*Task*
Down to the last line, print the data that follows exactly, without its pictures.

*Recorded information*
-- -- --

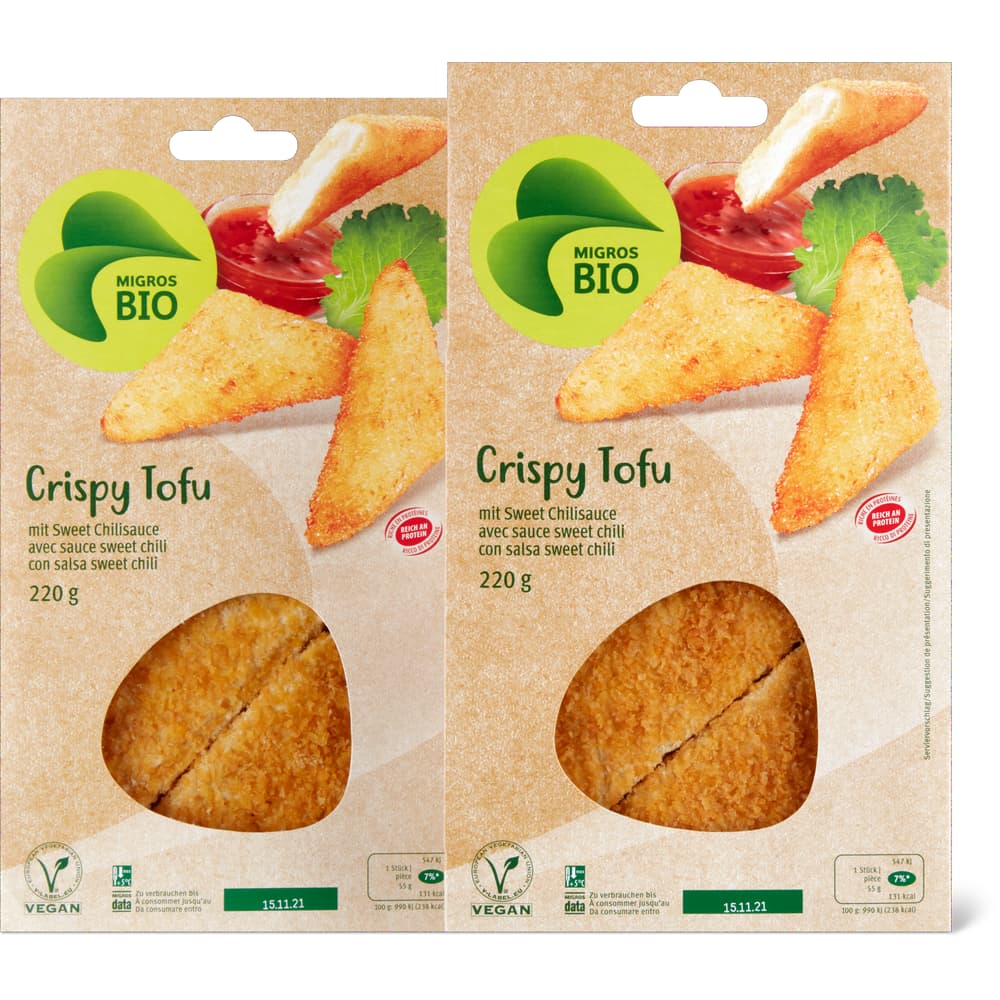 Crispy Tofu Bio, mit Sweet Chilisauce, vegan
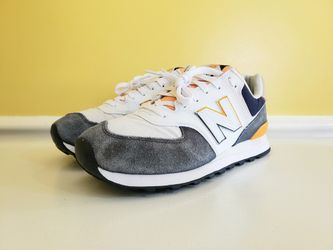 NEW BALANCE Men's 574 Split Sail Natural Indigo Sneakers (9D/10.5 Ws) White/Navy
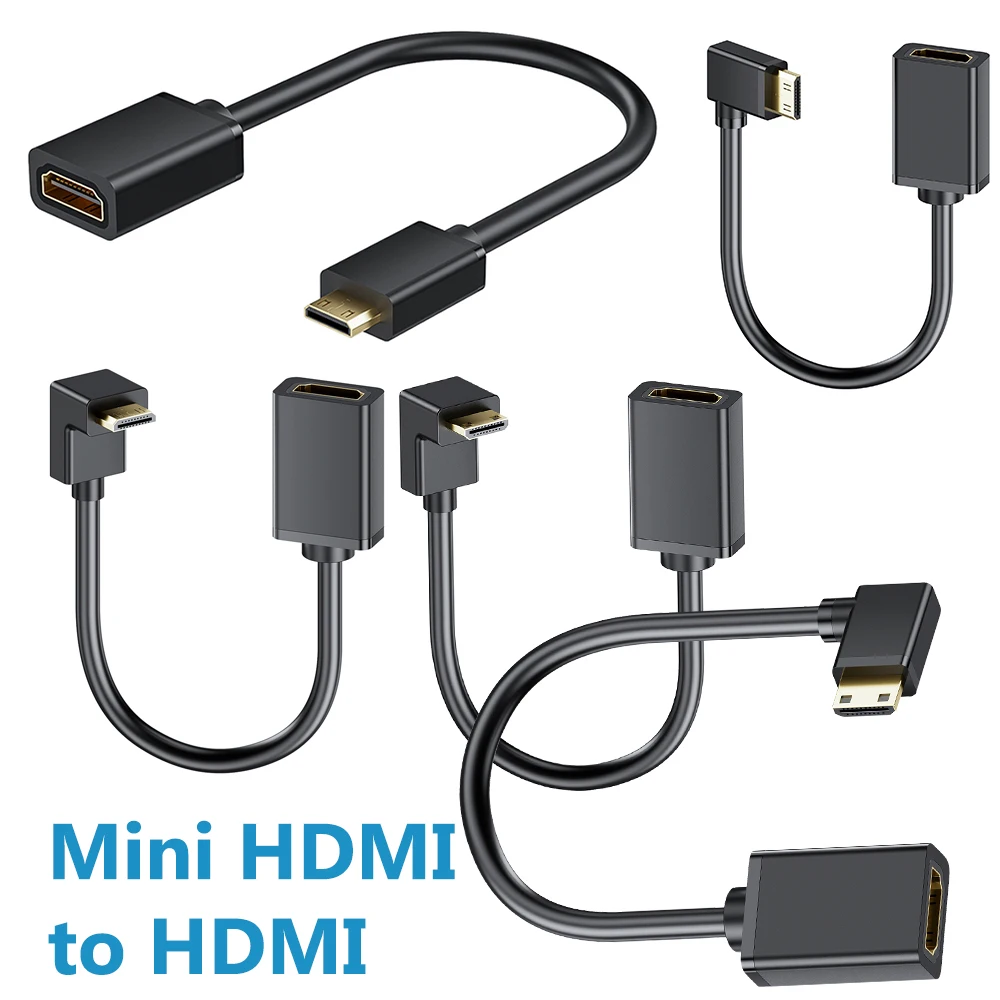 4K Mini HDMI to HDMI Cable HDMI 2.0 4K 60Hz Mini HDMI to HDMI Adapter Cable for Raspberry Pi Zero,Zero W,Zero 2W,Camera,Tablets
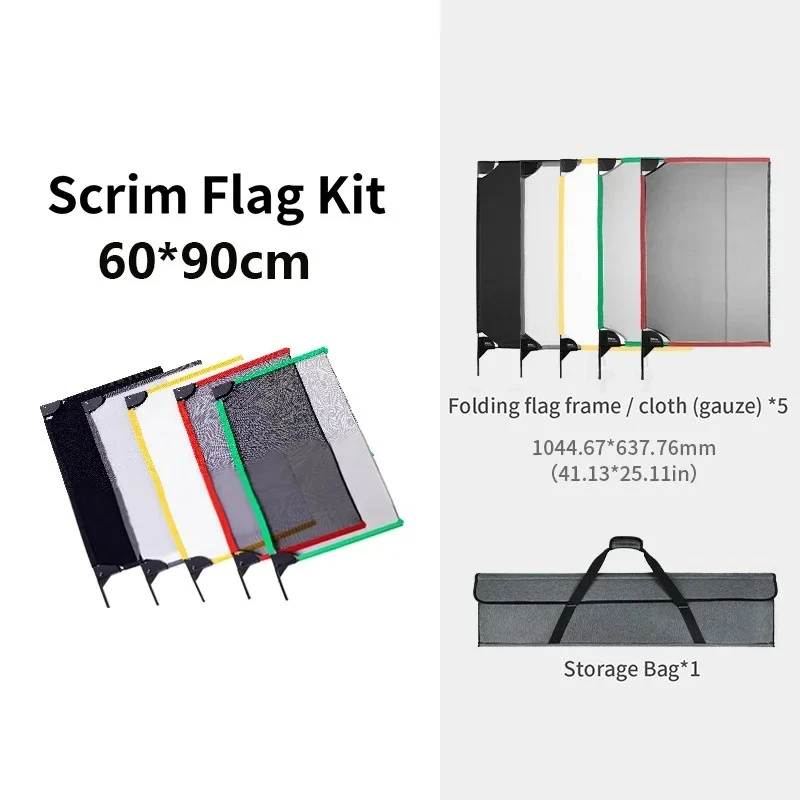 Collapsible Flag Panel for with bag Photography Light Control /Shaping Tool 45x60/60x90cm Folding Scrim Flag Frame Kit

-- -- --

*Response to this task*
 Crispy Tofu Bio, mit Sweet Chilisauce, vegan
 NEW BALANCE Men's 574 Split Sail Natural Indigo Sneakers (9D/10.5 Ws) White/Navy
 4K Mini HDMI to HDMI Cable HDMI 2.0 4K 60Hz Mini HDMI to HDMI Adapter Cable for Raspberry Pi Zero,Zero W,Zero 2W,Camera,Tablets
 Collapsible Flag Panel for with bag Photography Light Control /Shaping Tool 45x60/60x90cm Folding Scrim Flag Frame Kit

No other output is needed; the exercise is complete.